Extracted records
-.-.-
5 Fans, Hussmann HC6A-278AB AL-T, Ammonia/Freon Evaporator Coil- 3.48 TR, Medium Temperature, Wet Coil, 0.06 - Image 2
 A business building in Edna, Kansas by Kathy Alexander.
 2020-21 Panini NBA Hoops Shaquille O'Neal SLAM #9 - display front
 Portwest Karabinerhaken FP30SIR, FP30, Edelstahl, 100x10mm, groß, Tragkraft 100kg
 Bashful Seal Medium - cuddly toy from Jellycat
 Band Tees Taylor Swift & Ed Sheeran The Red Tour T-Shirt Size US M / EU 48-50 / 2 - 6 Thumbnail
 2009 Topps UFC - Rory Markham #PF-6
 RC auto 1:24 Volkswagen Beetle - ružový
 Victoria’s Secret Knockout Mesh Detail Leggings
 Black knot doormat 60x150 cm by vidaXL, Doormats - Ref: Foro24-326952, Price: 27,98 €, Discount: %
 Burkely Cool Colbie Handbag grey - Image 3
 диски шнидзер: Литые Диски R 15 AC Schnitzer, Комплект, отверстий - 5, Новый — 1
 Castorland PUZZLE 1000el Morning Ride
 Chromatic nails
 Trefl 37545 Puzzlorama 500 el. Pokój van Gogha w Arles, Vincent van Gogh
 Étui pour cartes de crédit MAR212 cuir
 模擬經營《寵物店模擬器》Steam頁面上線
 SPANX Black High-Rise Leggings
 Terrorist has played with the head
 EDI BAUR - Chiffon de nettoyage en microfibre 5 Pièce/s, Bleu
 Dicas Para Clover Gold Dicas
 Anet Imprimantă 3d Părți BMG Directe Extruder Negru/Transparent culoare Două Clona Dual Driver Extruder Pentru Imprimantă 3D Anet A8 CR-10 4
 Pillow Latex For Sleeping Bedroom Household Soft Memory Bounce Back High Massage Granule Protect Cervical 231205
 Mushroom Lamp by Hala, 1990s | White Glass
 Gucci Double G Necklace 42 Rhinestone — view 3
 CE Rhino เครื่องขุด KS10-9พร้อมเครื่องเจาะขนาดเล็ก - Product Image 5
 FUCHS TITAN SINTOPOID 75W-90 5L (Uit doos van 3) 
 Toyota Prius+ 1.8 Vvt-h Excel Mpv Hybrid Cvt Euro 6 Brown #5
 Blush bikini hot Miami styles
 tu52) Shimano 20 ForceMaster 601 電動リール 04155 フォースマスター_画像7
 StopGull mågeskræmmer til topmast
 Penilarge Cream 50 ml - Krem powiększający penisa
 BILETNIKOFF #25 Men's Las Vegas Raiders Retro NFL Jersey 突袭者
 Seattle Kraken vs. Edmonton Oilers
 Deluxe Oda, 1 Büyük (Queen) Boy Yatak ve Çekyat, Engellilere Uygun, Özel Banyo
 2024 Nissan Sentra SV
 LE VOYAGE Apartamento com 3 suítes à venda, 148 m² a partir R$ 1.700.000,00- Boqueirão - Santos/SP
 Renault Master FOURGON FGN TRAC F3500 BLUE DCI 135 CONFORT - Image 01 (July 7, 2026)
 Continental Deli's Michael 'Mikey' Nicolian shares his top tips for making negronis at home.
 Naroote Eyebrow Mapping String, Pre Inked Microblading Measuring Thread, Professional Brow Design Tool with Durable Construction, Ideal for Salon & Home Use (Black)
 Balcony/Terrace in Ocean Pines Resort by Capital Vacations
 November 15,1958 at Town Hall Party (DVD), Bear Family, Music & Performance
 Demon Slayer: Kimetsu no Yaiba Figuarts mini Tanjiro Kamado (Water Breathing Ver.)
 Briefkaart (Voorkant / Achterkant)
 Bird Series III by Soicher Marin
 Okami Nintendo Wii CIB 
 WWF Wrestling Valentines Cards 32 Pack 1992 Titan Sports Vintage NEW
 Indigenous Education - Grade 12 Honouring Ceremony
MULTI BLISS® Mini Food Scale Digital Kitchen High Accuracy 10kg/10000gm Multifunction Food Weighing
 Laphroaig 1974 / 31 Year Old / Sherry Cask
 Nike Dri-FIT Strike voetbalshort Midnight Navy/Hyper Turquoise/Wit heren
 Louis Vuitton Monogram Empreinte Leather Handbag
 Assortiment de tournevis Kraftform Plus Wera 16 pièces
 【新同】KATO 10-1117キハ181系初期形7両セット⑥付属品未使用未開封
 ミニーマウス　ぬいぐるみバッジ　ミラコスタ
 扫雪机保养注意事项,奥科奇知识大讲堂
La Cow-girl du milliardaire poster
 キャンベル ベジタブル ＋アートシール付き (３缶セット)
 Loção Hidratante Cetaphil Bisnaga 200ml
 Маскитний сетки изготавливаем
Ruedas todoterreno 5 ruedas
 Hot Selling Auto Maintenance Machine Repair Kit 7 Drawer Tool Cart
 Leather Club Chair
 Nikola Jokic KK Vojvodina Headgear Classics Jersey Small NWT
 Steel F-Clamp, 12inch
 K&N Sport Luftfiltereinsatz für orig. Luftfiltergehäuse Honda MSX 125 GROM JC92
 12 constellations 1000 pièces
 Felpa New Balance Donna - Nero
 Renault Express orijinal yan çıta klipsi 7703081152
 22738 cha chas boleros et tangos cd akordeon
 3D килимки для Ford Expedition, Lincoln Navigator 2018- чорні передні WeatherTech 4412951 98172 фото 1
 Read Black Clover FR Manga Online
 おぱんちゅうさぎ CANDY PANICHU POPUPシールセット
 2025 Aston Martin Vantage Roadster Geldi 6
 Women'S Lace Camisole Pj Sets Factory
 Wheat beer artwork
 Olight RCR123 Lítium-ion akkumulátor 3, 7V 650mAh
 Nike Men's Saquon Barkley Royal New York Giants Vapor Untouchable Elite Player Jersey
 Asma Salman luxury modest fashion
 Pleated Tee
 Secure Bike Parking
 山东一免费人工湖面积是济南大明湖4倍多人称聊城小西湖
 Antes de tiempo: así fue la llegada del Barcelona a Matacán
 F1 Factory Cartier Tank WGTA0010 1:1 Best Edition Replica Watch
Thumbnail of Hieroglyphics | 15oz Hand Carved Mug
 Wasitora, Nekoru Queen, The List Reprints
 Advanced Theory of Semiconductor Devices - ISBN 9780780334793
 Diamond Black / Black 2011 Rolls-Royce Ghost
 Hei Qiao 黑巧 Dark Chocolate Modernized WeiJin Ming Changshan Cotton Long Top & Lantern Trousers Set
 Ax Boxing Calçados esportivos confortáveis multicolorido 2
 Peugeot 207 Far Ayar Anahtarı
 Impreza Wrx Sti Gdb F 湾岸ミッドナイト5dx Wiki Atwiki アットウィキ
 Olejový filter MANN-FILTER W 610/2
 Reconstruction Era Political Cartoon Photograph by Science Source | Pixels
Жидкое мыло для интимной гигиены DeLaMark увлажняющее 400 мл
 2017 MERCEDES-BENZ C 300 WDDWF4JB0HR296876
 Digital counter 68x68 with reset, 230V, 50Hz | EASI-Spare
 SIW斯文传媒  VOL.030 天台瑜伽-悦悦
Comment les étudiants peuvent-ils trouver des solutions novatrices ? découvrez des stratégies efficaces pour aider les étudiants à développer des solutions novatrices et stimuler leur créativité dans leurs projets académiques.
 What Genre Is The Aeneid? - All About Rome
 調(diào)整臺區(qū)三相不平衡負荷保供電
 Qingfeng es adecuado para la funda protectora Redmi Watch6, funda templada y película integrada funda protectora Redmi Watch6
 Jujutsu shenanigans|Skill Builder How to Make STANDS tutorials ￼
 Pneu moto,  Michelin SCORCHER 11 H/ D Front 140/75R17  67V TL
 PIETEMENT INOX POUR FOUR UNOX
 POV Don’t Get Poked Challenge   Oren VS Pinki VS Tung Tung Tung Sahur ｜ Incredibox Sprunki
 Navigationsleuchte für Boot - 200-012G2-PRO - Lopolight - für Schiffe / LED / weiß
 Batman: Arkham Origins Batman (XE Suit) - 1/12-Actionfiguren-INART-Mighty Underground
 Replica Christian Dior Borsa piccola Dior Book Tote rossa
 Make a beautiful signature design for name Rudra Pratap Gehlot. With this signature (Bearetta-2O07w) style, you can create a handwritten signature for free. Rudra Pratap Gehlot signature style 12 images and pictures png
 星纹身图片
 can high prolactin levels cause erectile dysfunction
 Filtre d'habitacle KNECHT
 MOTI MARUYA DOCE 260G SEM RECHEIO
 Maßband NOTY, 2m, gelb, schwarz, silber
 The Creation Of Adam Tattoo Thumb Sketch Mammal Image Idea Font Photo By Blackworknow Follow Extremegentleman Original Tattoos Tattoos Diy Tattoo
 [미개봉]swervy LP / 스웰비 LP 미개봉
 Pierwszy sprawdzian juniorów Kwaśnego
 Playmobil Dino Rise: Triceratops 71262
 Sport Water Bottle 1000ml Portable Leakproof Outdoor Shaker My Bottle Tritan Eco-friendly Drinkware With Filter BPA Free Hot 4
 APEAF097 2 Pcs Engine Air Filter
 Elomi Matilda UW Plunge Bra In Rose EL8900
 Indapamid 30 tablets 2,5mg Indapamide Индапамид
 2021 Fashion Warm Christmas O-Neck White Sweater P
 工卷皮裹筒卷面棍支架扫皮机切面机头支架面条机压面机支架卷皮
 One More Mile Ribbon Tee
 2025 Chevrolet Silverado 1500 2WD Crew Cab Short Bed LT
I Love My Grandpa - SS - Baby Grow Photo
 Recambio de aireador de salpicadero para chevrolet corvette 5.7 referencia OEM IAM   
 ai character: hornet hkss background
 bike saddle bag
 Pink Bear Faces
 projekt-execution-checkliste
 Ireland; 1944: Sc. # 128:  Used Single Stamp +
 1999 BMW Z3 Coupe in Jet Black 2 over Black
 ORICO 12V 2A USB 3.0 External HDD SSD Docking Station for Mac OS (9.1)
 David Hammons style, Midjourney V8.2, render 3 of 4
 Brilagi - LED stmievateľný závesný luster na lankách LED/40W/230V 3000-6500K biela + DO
-.-.-
▶ [TO DO]
In the data above, find the line containing "山东一免费人工湖面积是济南大明湖4倍多人称聊城小西湖" and the line containing "Make a beautiful". Copy exactly the stretch from the first through the second, both included, leaving out any picture.

▶ [SOLUTION TO THIS TASK]
 山东一免费人工湖面积是济南大明湖4倍多人称聊城小西湖
 Antes de tiempo: así fue la llegada del Barcelona a Matacán
 F1 Factory Cartier Tank WGTA0010 1:1 Best Edition Replica Watch
Thumbnail of Hieroglyphics | 15oz Hand Carved Mug
 Wasitora, Nekoru Queen, The List Reprints
 Advanced Theory of Semiconductor Devices - ISBN 9780780334793
 Diamond Black / Black 2011 Rolls-Royce Ghost
 Hei Qiao 黑巧 Dark Chocolate Modernized WeiJin Ming Changshan Cotton Long Top & Lantern Trousers Set
 Ax Boxing Calçados esportivos confortáveis multicolorido 2
 Peugeot 207 Far Ayar Anahtarı
 Impreza Wrx Sti Gdb F 湾岸ミッドナイト5dx Wiki Atwiki アットウィキ
 Olejový filter MANN-FILTER W 610/2
 Reconstruction Era Political Cartoon Photograph by Science Source | Pixels
Жидкое мыло для интимной гигиены DeLaMark увлажняющее 400 мл
 2017 MERCEDES-BENZ C 300 WDDWF4JB0HR296876
 Digital counter 68x68 with reset, 230V, 50Hz | EASI-Spare
 SIW斯文传媒  VOL.030 天台瑜伽-悦悦
Comment les étudiants peuvent-ils trouver des solutions novatrices ? découvrez des stratégies efficaces pour aider les étudiants à développer des solutions novatrices et stimuler leur créativité dans leurs projets académiques.
 What Genre Is The Aeneid? - All About Rome
 調(diào)整臺區(qū)三相不平衡負荷保供電
 Qingfeng es adecuado para la funda protectora Redmi Watch6, funda templada y película integrada funda protectora Redmi Watch6
 Jujutsu shenanigans|Skill Builder How to Make STANDS tutorials 
 Pneu moto,  Michelin SCORCHER 11 H/ D Front 140/75R17  67V TL
 PIETEMENT INOX POUR FOUR UNOX
 POV Don’t Get Poked Challenge   Oren VS Pinki VS Tung Tung Tung Sahur ｜ Incredibox Sprunki
 Navigationsleuchte für Boot - 200-012G2-PRO - Lopolight - für Schiffe / LED / weiß
 Batman: Arkham Origins Batman (XE Suit) - 1/12-Actionfiguren-INART-Mighty Underground
 Replica Christian Dior Borsa piccola Dior Book Tote rossa
 Make a beautiful signature design for name Rudra Pratap Gehlot. With this signature (Bearetta-2O07w) style, you can create a handwritten signature for free. Rudra Pratap Gehlot signature style 12 images and pictures png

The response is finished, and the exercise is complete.